Make sure you and your spouse know where you keep all of your important documents. If you don’t have a will, get one. If you have one, make sure you update it every three years. You should also have durable powers of attorney for health care (so that someone else can make health related decisions for you if you’re unable) and finances (so that someone else can manage your money if you can’t do it yourself.). You’ll also want to make sure you’ve named beneficiaries for your retirement accounts.
Trying to delete social media accounts for someone who has passed can be incredibly frustrating—even impossible. Jamie ran into so many roadblocks trying to get rid of Jerry’s Twitter account that she eventually gave up. (Note: There is a way to mark your Facebook account to be permanently deleted through your settings after you die … but frustratingly, you have to choose to do that while you are still living.) Jamie also didn’t know any of Jerry’s logins or passwords, and her name wasn’t on a lot of the household utility accounts. “When you have to call your Internet provider to change the billing or whatever, and you’re forced to explain what happened to your husband and provide a death certificate, the grief is really real,” Jamie says. “It’s a burden.”
Wyand suggests downloading an app (like LastPass or 1Password) that stores the multitude of passwords you have accumulated (bank accounts, Netflix, social media, wifi, smartphone, email …). All you need is one master password to access your list. And if you can put both of your names on an account, do it. That way you won’t need to provide a death certificate for all of those household utilities like cable, internet, sewer, etc.
It’s not uncommon for couples to have separate bank accounts. However, Wyand suggests having one joint account for paying all of the monthly bills. Both of you should know how to handle the finances; don’t leave it up to just one person. Grieving a death is hard enough without freaking out about missing the monthly mortgage payment.
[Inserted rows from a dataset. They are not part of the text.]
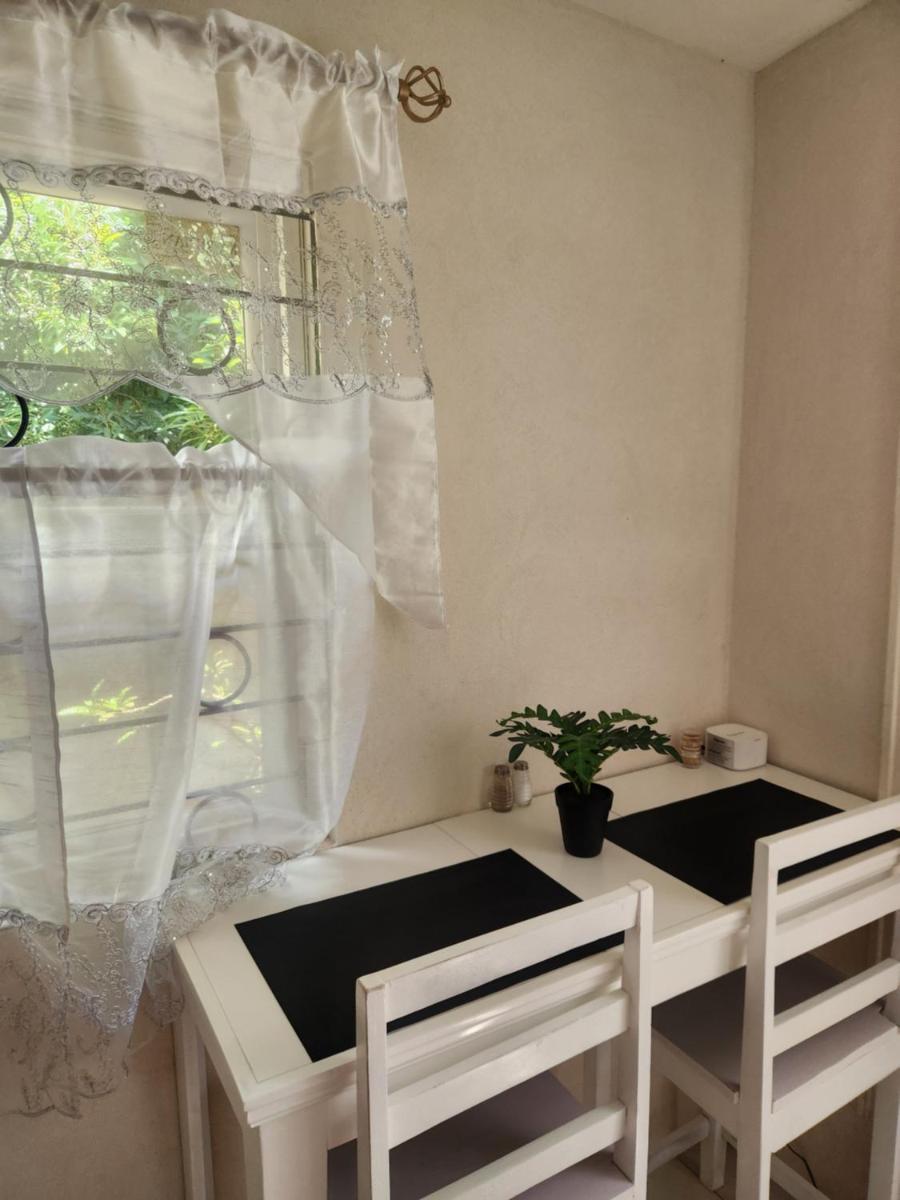 Dunbar's Studio - Housity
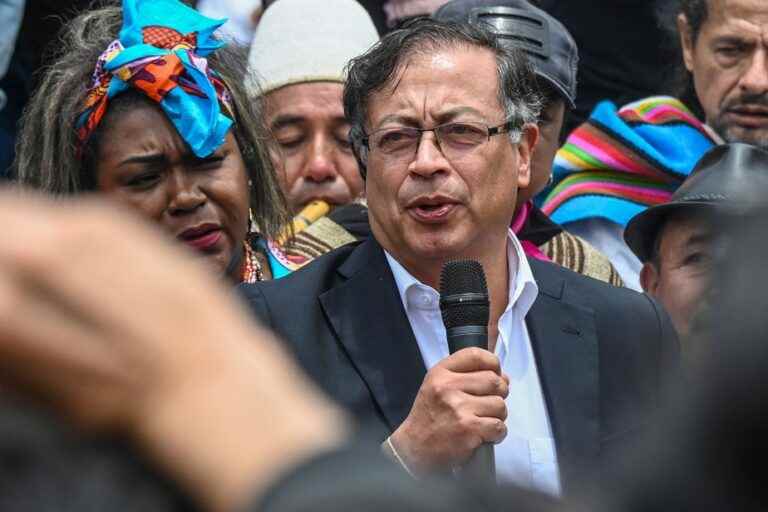 Colombia |  Gustavo Petro officially becomes president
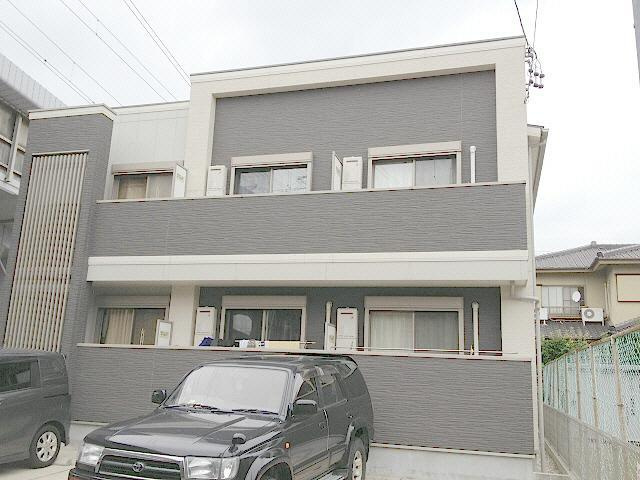 クレイビア熱田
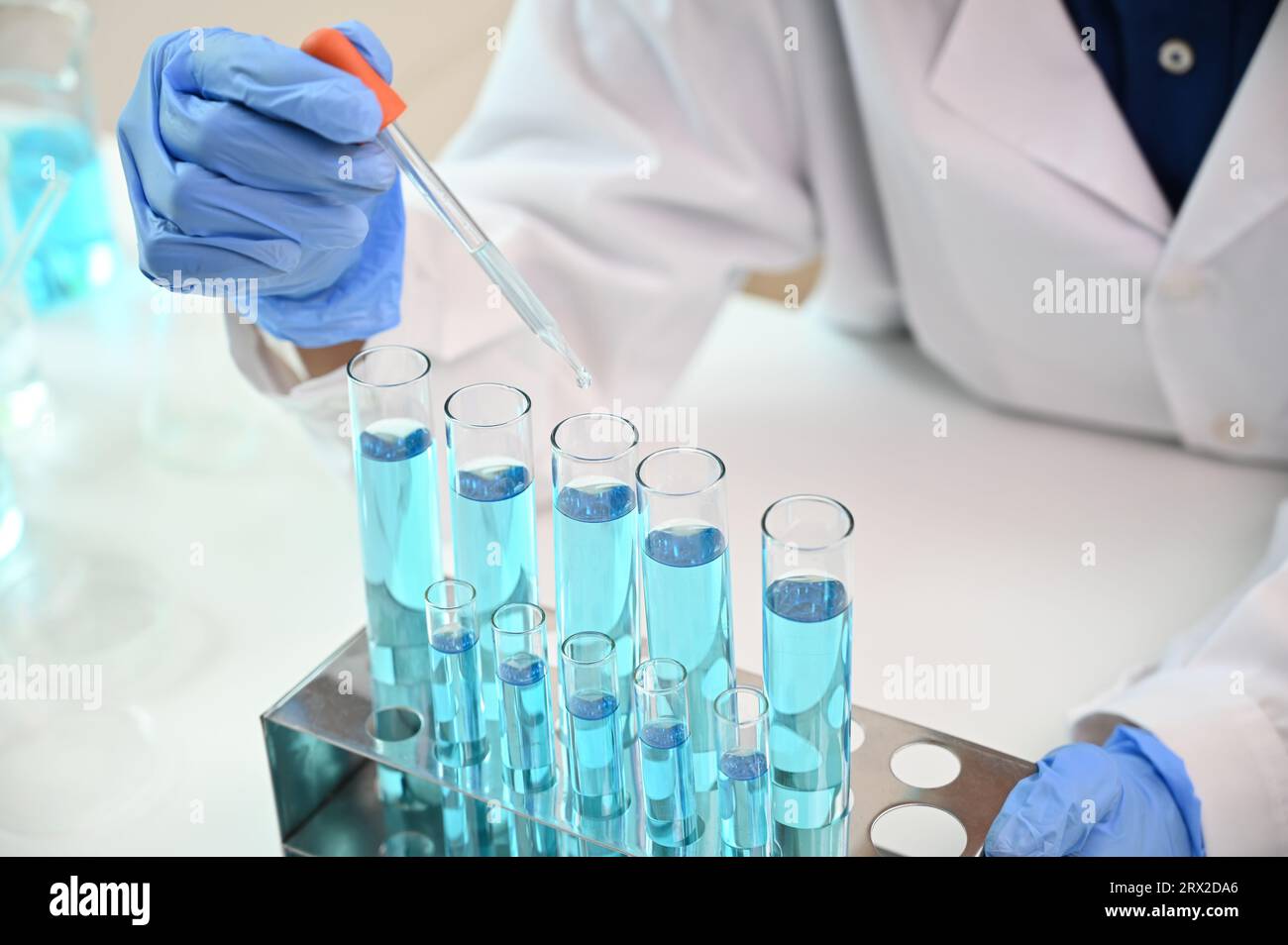 laboratorio, ciencia, investigación, medicina, química, prueba, tubo, tecnología, experimento, científico, científico, químico, equipo Foto de stock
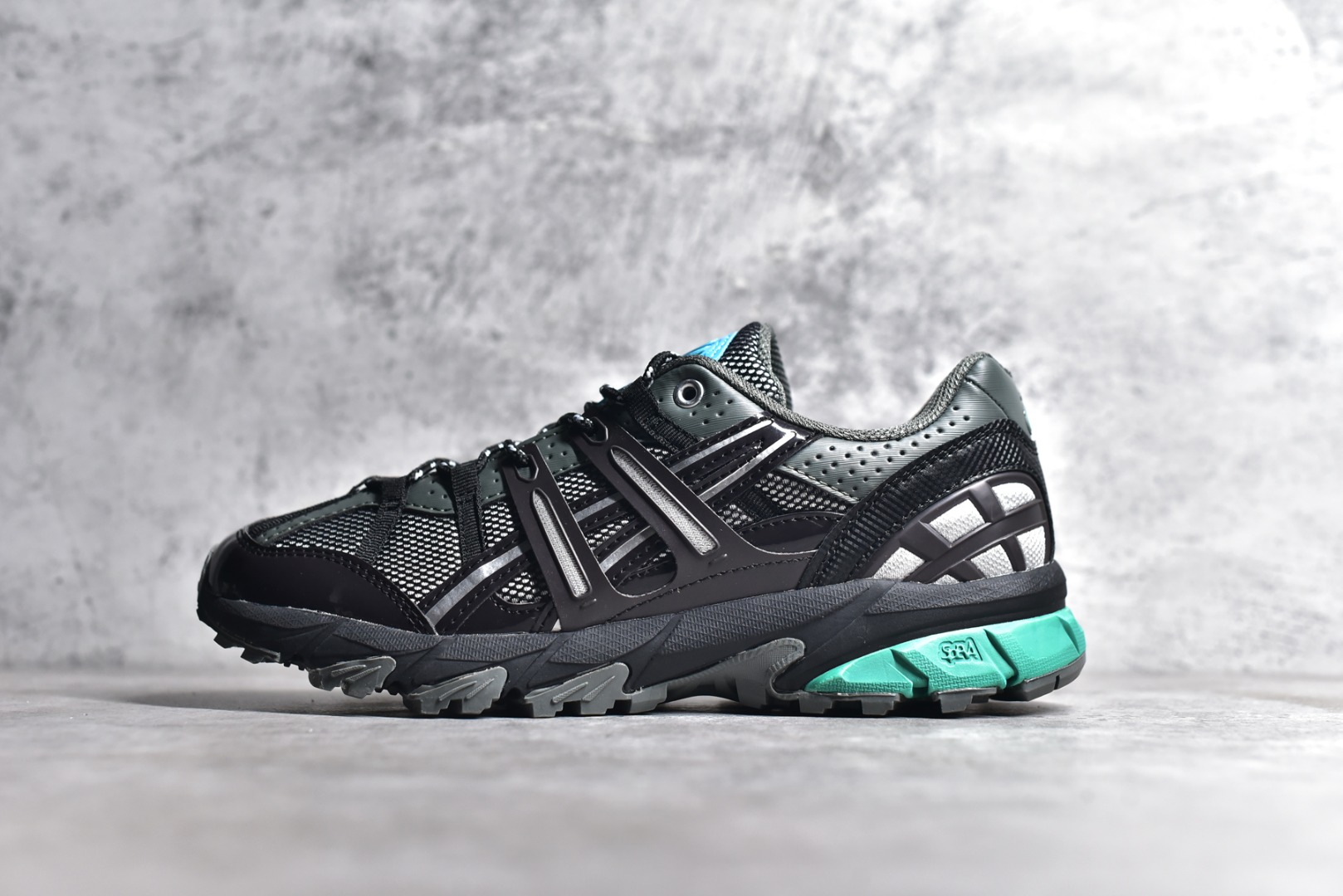 아식스 x 마뗑킴 젤 소노마 15-50 블랙 퓨어 실버 Asics x Matin Kim Gel-Sonoma 15-50 Black Pure Silver 1202A486-001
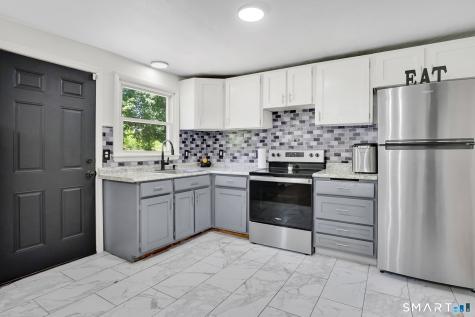 64 Beacon Hill Road East Hartford CT 06108
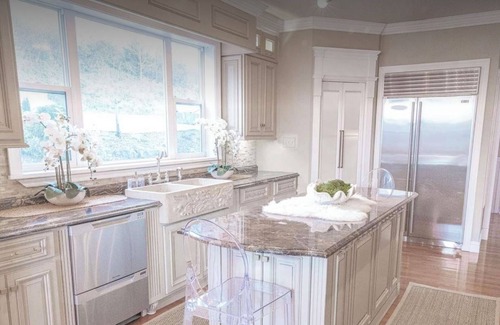 Glasco House | Hamptons on the Hudson in South Saugerties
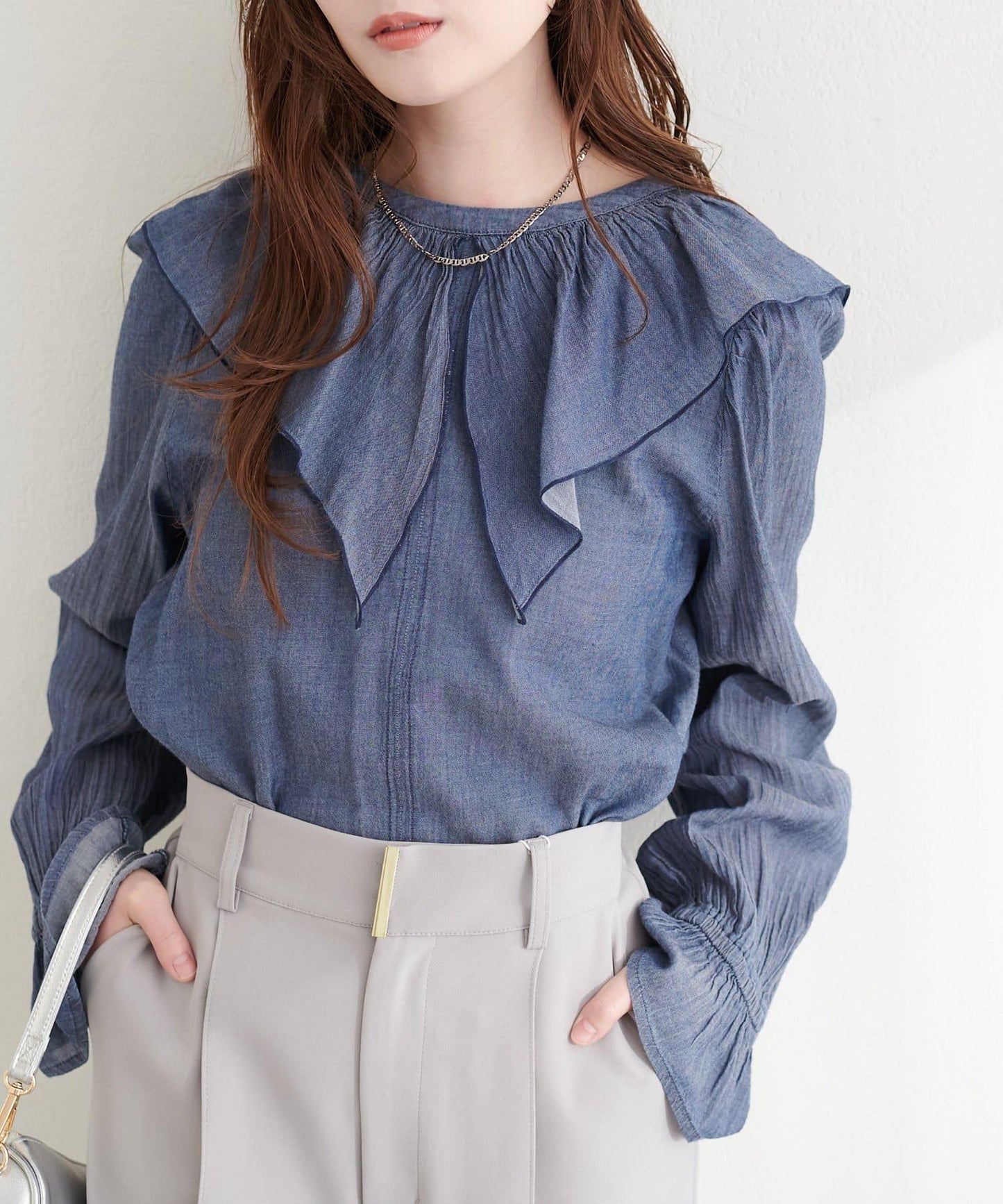 荷葉邊領設計襯衫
You need to know the account numbers and passwords to all of your checking, saving, and credit card accounts … even ones you hold separately.
Jamie was the one who managed the family finances, but her name wasn’t listed as a beneficiary on a number of Jerry’s small retirement accounts from old jobs. “They’re jobs he didn’t have for very long, but I still get mail about them, five years later,” she says. “It’s a whole process to deal with them.”
Bottom line: The more openly you can communicate and the more you can plan now, the easier life will be for the loved ones you leave behind.